Achille a tué Hector en combat singulier, vengeant ainsi la mort de son ami Patrocle. Cédant aux supplications du roi Priam, le héros grec a rendu aux Troyens le corps du défunt que l'on a ainsi ramené dans la citadelle. La première, Andromaque, crie sa douleur à la vue du cadavre et exprime dans un long monologue sa déploration. À présent en effet son destin sera celui d'une captive servile et leur fils Astyanax, privé de père prématurément, risque la mort à son tour. Le discours de la veuve est le premier d'une série de lamentations funèbres qui met fin au dernier livre de l'Iliade. Plus que la disparition d'un vaillant guerrier, c'est la destruction de Troie qui est ici pleurée : le retour d'Achille au combat s'est marqué par un coup d'éclat en supprimant le plus valeureux des Troyens et désormais les jours de la cité phrygienne sont comptés. Le pathétique atteint ici un sommet et bien des poètes amplifieront la douleur d'Andromaque par l'écriture tragique. [Homère, L'Iliade, chant 24, v. 723-746]

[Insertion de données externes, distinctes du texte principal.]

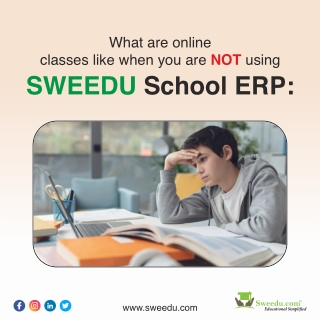 What are online classes like when you AREN'T using SWEEDU (1)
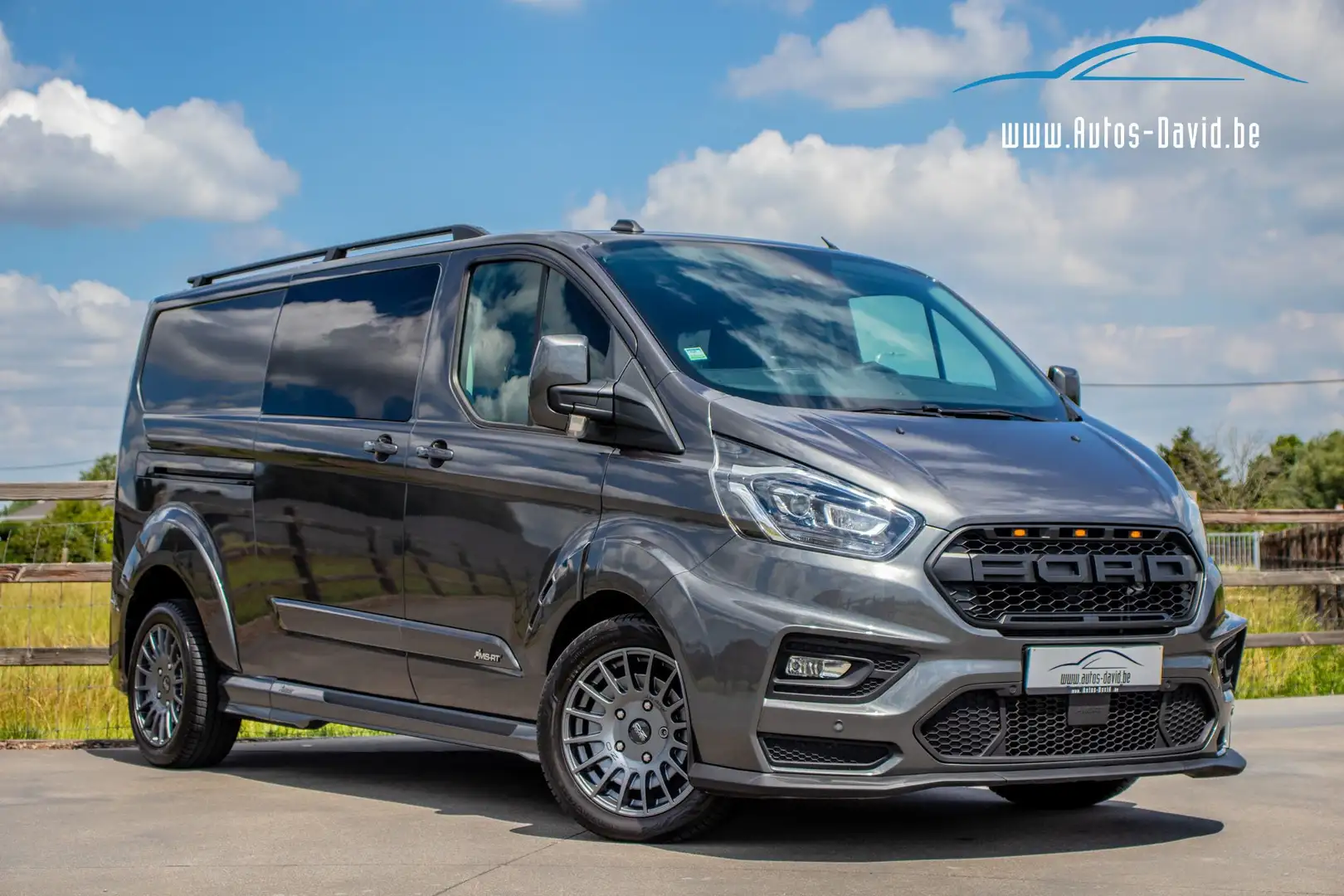 Ford ransit Custom MS-RT Limited edition Nr. B022 Grijs - 1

La composition est ordonnée selon une alternance entre les lignes horizontales qui prolongent celles du corps d'Hector sur son lit de mort et les lignes verticales redoublant celles d'Andromaque assise à ses côtés. Seul le bras droit de la veuve s'accorde avec la posture de son époux : l'opposition entre la vie et la mort est ainsi marquée par la géométrie du tableau. À l'arrière-plan, des colonnes se dressent, campant la scène dans l'antique palais de Troie dont Hector est le prince. Sur la droite, un candélabre semble investi d'une signification religieuse, à l'image des colonnes figurées sur les peintures paysagistes romano-campaniennes. Discrètement, le peintre a précisé là sa source littéraire : les références du chant de l'Iliade y sont indiquées.

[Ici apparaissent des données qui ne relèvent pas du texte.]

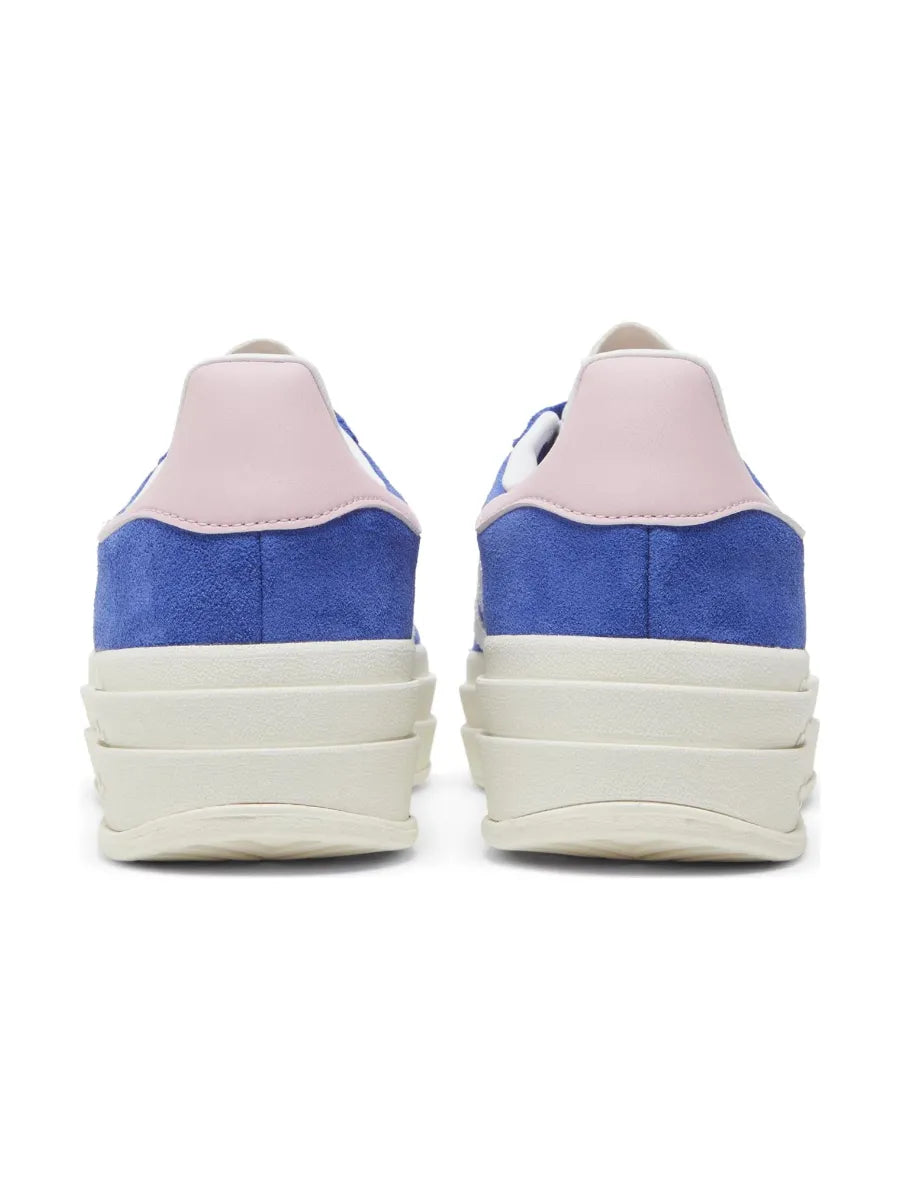 Wmns Gazelle Bold 'Lucid Blue Pink'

Le héros est représenté dans toute sa gloire : des lauriers couvrent sa tête, ses armes rutilantes sont déposées au bas du lit. Une blessure à la naissance du cou rappelle la cause de son décès. Andromaque, les yeux levés au ciel, exprime par sa physionomie et les gestes de ses bras sa déploration funèbre. Leur fils, Astyanax, plus âgé ici que dans le poème grec, touche de sa main la poitrine maternelle dans un geste de consolation non dénué d'angoisse. La rhétorique du corps transcrit ici les plaintes énoncées dans le texte : la dimension pathétique est fortement soulignée.